Risk Adjusting Readmissions for Social Factors

January 27, 2016

Author: Mat Reidhead

What did it take to convince one of the world’s most preeminent health policy researchers that risk adjustment for sociodemographic factors is necessary for equitable hospital assessments on readmissions performance? One, a homeless veteran with uncontrolled diabetes and two, a Harvard health policy statistician.

Ashish Jha is a general internist, professor of health policy at Harvard’s T.H. Chan School of Public Health and possibly the most heavily-cited researcher on the policy implications underlying the Hospital Readmissions Reduction Program. Dr. Jha had been a long-time subscriber to the notion that adjusting for sociodemographic status would statistically codify a lower standard of care for low-income patients, creating a “soft bigotry of low expectations” for hospitals who treat these patients, which in turn would perpetuate their health disparities. Then he discussed the readmission case of a 64 year-old diabetic homeless veteran with Alan Zaslavsky, the second aforementioned ingredient. Using data, Dr. Zaslavsky demonstrated how, when applied effectively, risk adjustment for SDS does not excuse poor care for poor patients, but rather avoids penalizing safety-net hospitals simply for caring for more poor patients. This is a very important distinction.

The continued decision by the Centers for Medicare & Medicaid Services to exclude SDS factors in the risk adjustment of outcomes measures that determine “value-based” carrots and sticks carries the risk of perpetuating disparities in its own right. This risk is borne by the potential of misguided policies to penalize our safety net out of business, or equally tragic, by disincentivizing the provision of care for these patients. This would be catastrophic for low-income communities that often depend on this safety net for access to the entire spectrum of care — primary to quaternary.

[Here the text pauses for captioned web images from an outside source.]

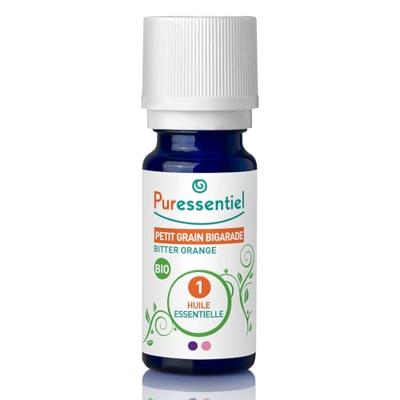 Puressentiel Eo Bit.orange Bio Expert10ml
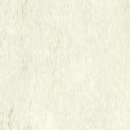 VEREG Wand- und Bodenfliesen STAGE 7x60 cream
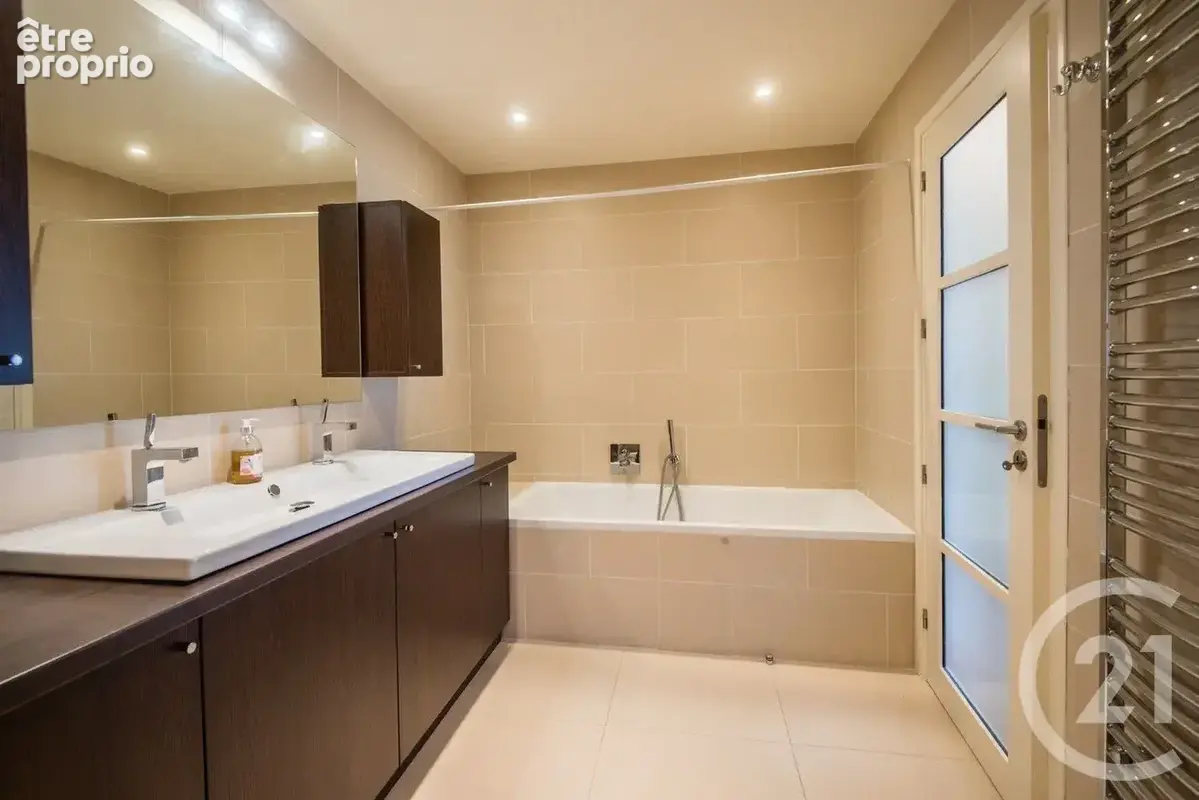 Appartement 3 pièces 105 m² à vendre à Nice (06300) - photo 17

In the spirit of Zaslavsky, The Missouri Hospital Association is using data to expedite what many policy experts view as CMS’ inevitable reversal of its policy stance on SDS. Using an augmented version of CMS’ own readmissions methodology, we developed measures that account for Medicaid status, poverty and risk factors attributable to patients’ communities. The results are striking. For all conditions modeled, SDS factors significantly reduce the range of measured quality differences between hospitals, suggesting that 43 to 88 percent of this variation can be explained by Medicaid status and the communities in which patients reside. Hospitals with the highest mix of patients with Medicaid, and from low-income communities, saw the most improvement relative to the standard CMS methods.

Armed with these data, MHA has garnered the support of several national and state hospital associations and policy experts from across the country. We are working to coalesce these voices and bring the issue to CMS, their measure developers at Yale and Congress.

Modern Healthcare recently ran an article, “CMS admits to bad dual-eligible math.” In it, Sean Cavanaugh (who leads the CMS Center for Medicare) conceded that dual-eligibility and disability status should be used in risk-adjusted quality measures. “What I want you to take away from this is that the industry brought an issue to us and we took it seriously.” Unfortunately, the industry he referred to was Medicare MCOs and the quality measures in question were the health plans’ star rating system. This concession begs the question — when will CMS take the hospital industry seriously on virtually the exact same issue?